Starting at the line that contains "Line chart showing" and stopping after the line that contains "pict1cbl Challenge-Based Learning", transcribe the listing below exactly; do not include any pictures.

> Task material:
------------------------------

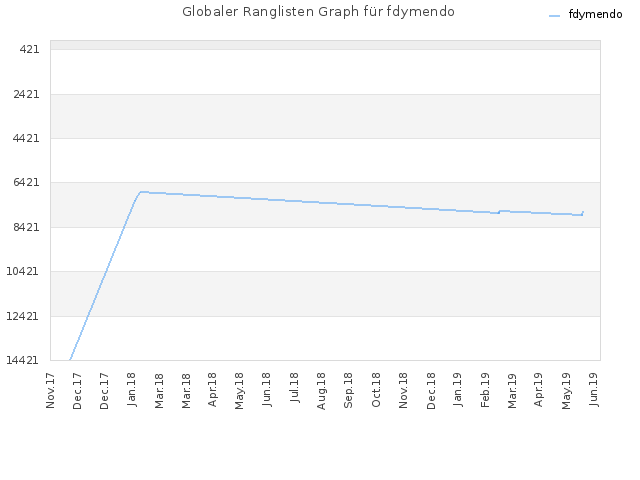 Globaler Ranglisten Graph für fdymendo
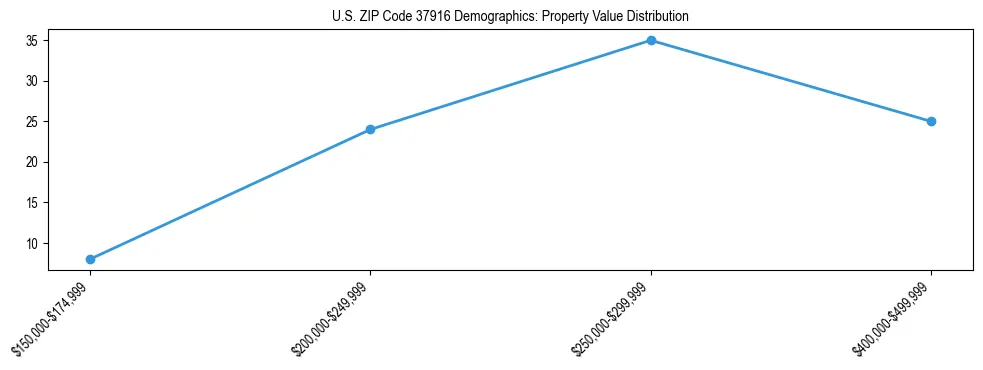 Line chart showing the distribution of property values for owner-occupied housing units in US ZIP Code 37916.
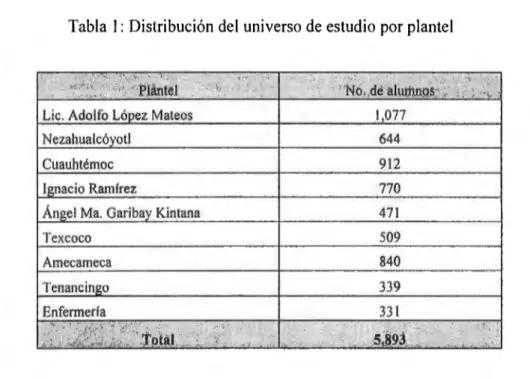 Tabla  1:  Distribución del  universo de estudio por plantel 
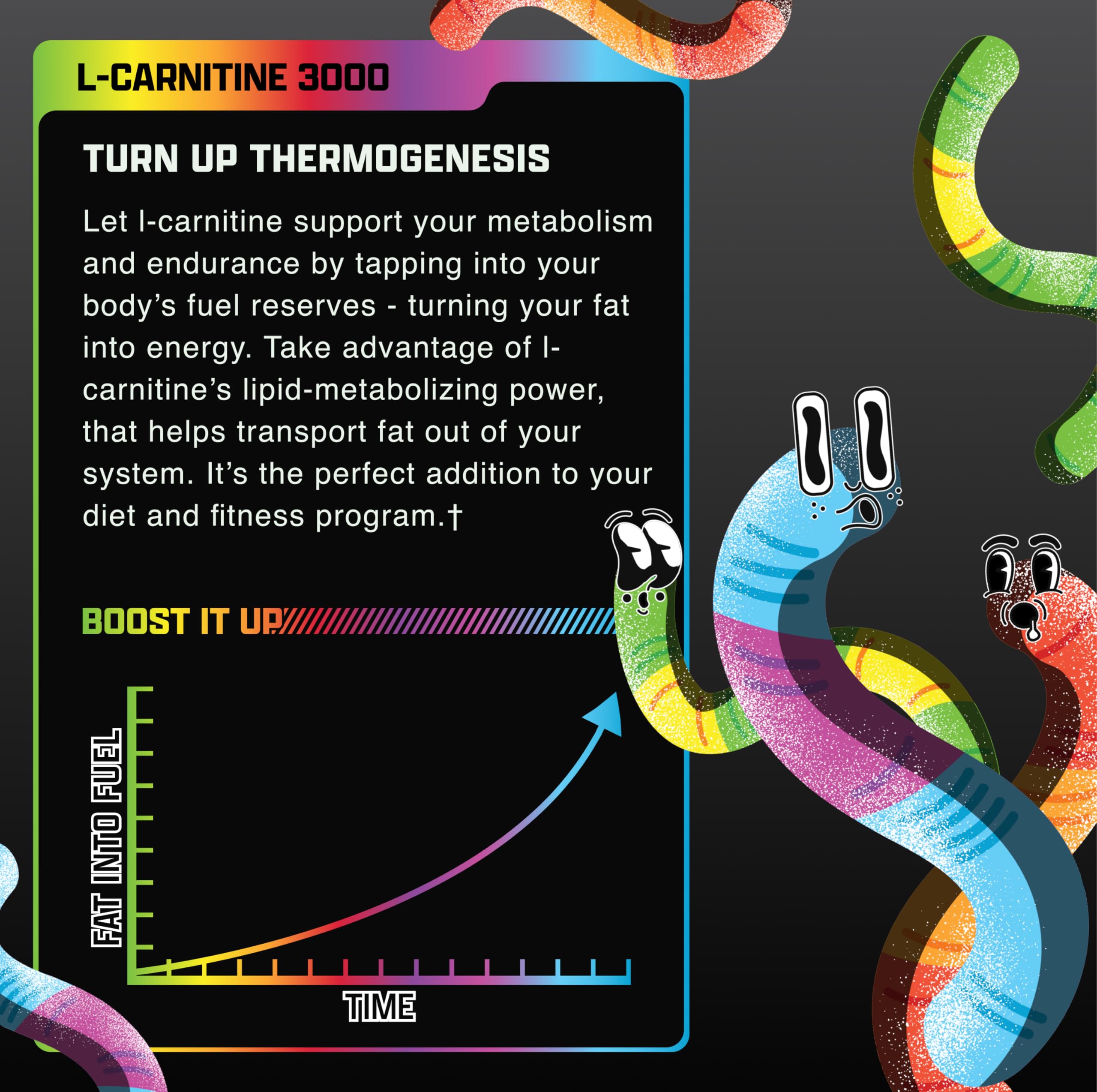 Nutrition label detail on Nutrex Liquid L-Carnitine 3000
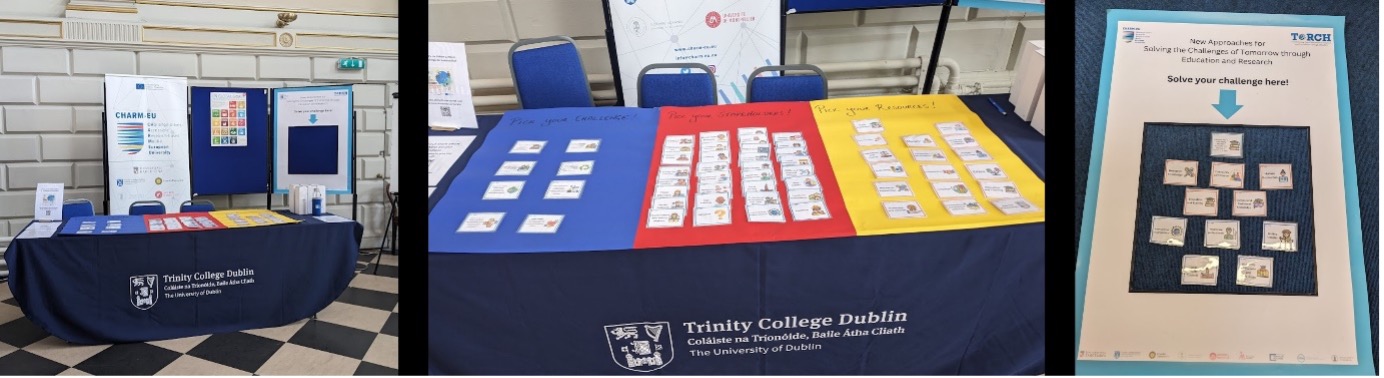 pict1cbl Challenge-Based Learning (CBL) for Everyone: CHARM-EU CBL Card Game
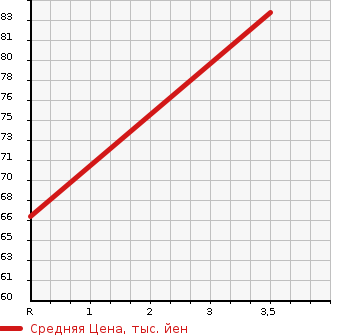 Аукционная статистика: График изменения цены NISSAN Ниссан  TIIDA LATIO Тиида Латио  2007 1500 SNC11 15M FOUR 4WD в зависимости от аукционных оценок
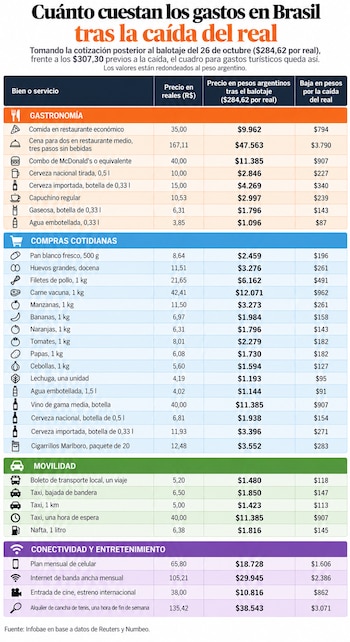 Tabla con precios de alimentos, transporte y servicios en Brasil expresados en reales y en pesos argentinos con una columna de diferencia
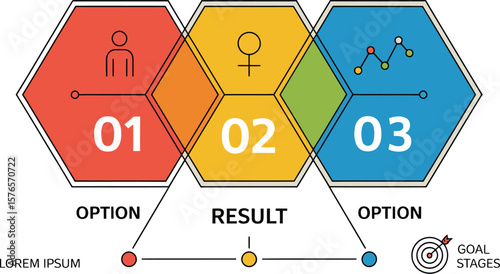Diagram showcasing options and results with icons and numerical indicators shown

------------------------------

> The completed task:
 Line chart showing the distribution of property values for owner-occupied housing units in US ZIP Code 37916.
 Tabla  1:  Distribución del  universo de estudio por plantel 
 Nutrition label detail on Nutrex Liquid L-Carnitine 3000
 pict1cbl Challenge-Based Learning (CBL) for Everyone: CHARM-EU CBL Card Game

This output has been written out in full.